#### GIVEN MATERIAL

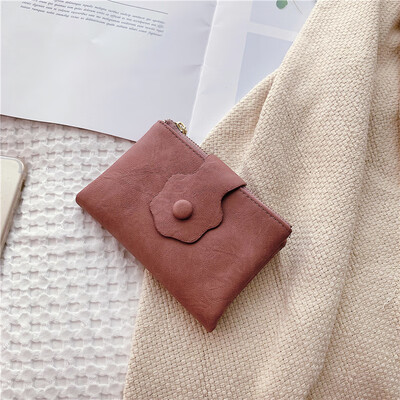 

Summer small bag female 2019 new Korean womens short wallet ladies purse thin mini wallet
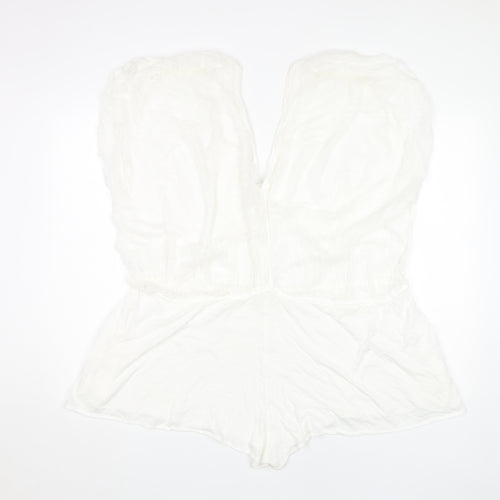 Undrest Women's White Cotton Playsuit Size 2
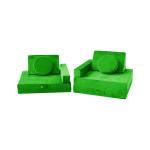‎Machine Wash Green 10PCS Kids Play Couch Sofa 14KG For Toddlers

########

■ EXERCISE GOAL: From the material above, print everything exactly except the pictures.

■ EXPECTED ANSWER:
Summer small bag female 2019 new Korean womens short wallet ladies purse thin mini wallet
 Undrest Women's White Cotton Playsuit Size 2
‎Machine Wash Green 10PCS Kids Play Couch Sofa 14KG For Toddlers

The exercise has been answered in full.